EXERCISE REQUIREMENTS: Take the lines below from the one with "Loonette and Molly" through the one with "inning on Tuesday." and retype them exactly. Include nothing else, and no pictures.

THE INPUT:
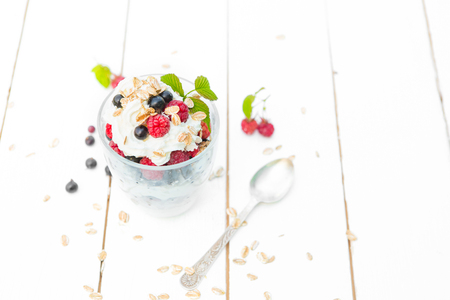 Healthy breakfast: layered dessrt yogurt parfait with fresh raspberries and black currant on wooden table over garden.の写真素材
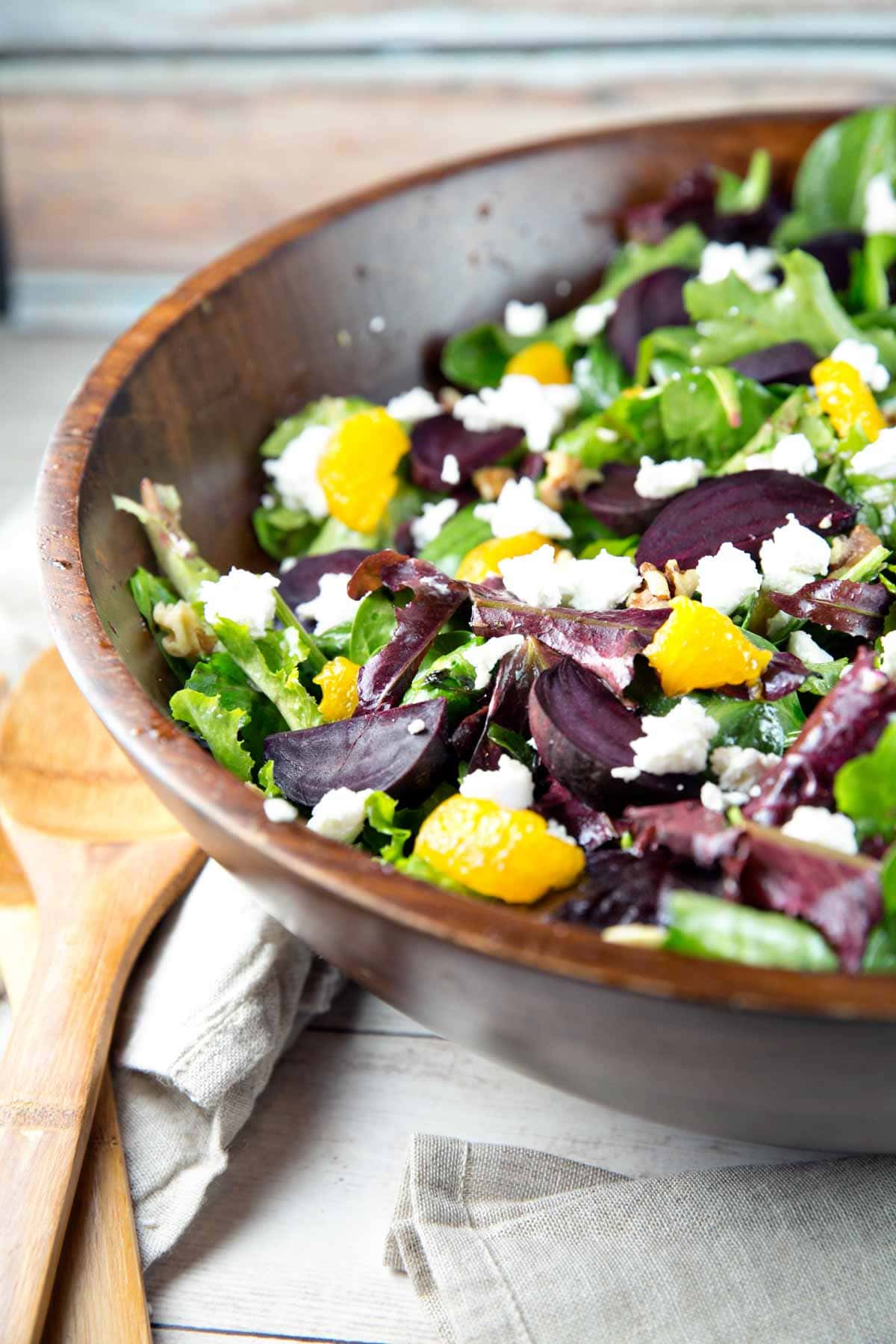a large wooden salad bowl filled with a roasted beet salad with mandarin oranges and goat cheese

...

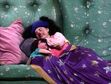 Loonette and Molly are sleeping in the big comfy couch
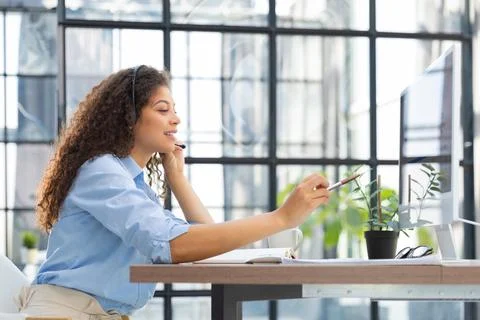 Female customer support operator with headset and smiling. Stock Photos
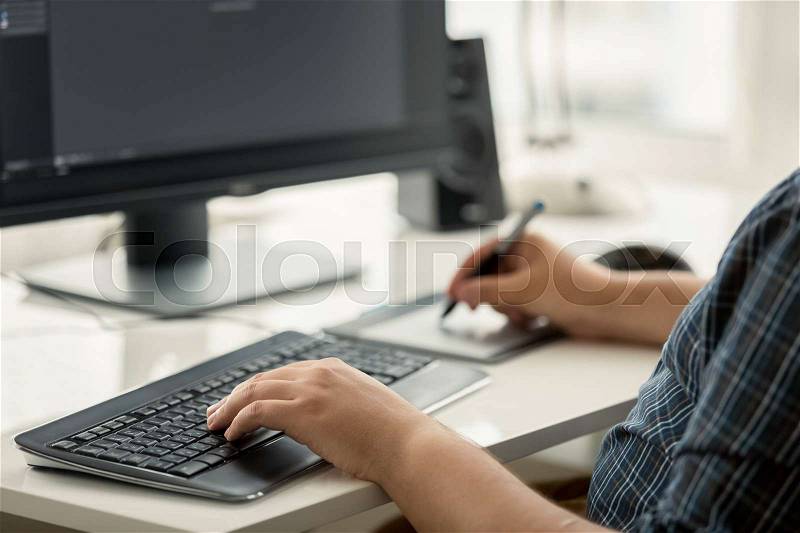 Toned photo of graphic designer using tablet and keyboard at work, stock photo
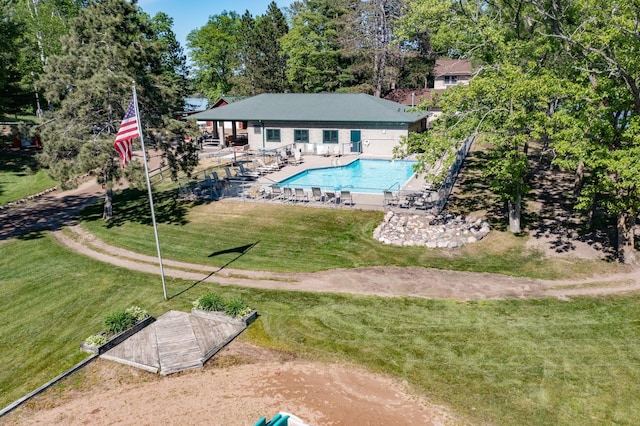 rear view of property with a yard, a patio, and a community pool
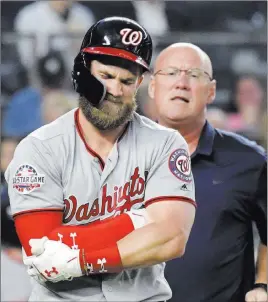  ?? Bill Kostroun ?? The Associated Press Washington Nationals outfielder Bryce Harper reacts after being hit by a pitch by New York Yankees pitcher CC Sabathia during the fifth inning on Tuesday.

RESPONSE BELOW:
 Loonette and Molly are sleeping in the big comfy couch
 Female customer support operator with headset and smiling. Stock Photos
 Toned photo of graphic designer using tablet and keyboard at work, stock photo
 rear view of property with a yard, a patio, and a community pool
  ?? Bill Kostroun ?? The Associated Press Washington Nationals outfielder Bryce Harper reacts after being hit by a pitch by New York Yankees pitcher CC Sabathia during the fifth inning on Tuesday.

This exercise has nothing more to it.